Transcribe all data verbatim. Skip the pictures.

───── Given material ─────

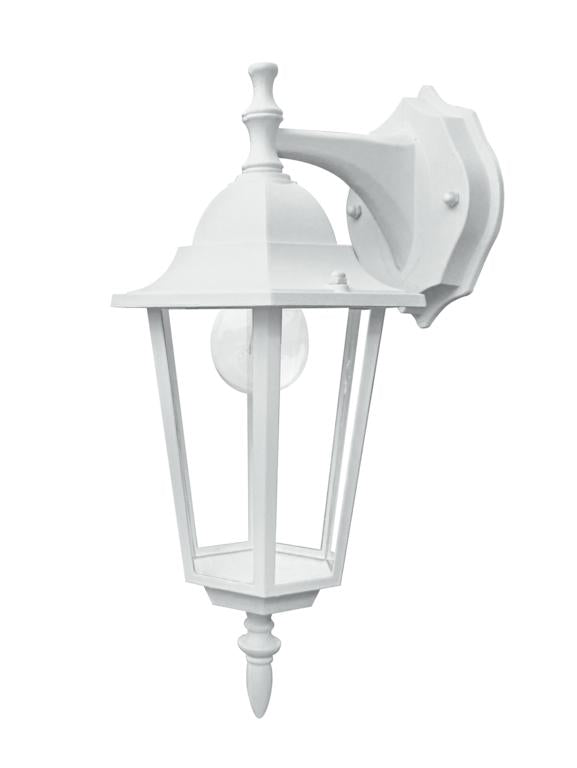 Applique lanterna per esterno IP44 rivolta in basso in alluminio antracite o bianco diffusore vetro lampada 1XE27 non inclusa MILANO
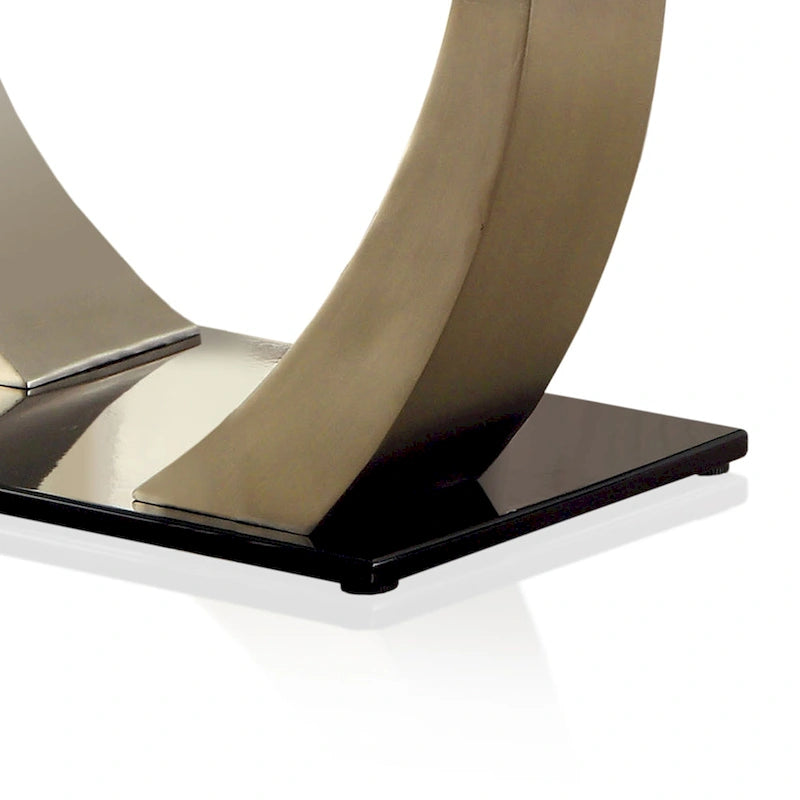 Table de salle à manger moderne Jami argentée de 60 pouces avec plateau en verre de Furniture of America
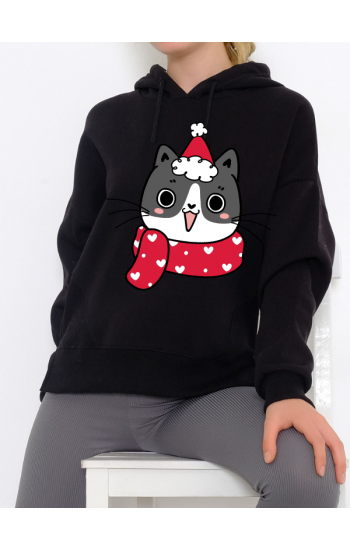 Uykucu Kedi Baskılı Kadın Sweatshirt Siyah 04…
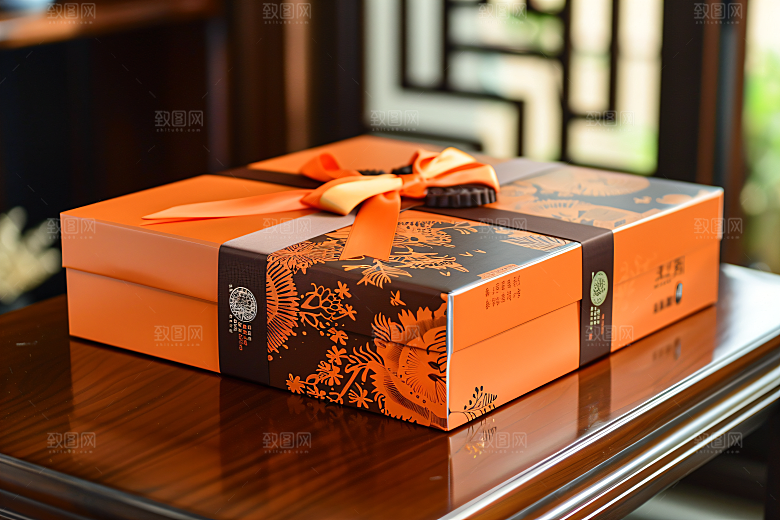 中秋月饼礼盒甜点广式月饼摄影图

─────

# [Written answer]
 Applique lanterna per esterno IP44 rivolta in basso in alluminio antracite o bianco diffusore vetro lampada 1XE27 non inclusa MILANO
 Table de salle à manger moderne Jami argentée de 60 pouces avec plateau en verre de Furniture of America
 Uykucu Kedi Baskılı Kadın Sweatshirt Siyah 04…
 中秋月饼礼盒甜点广式月饼摄影图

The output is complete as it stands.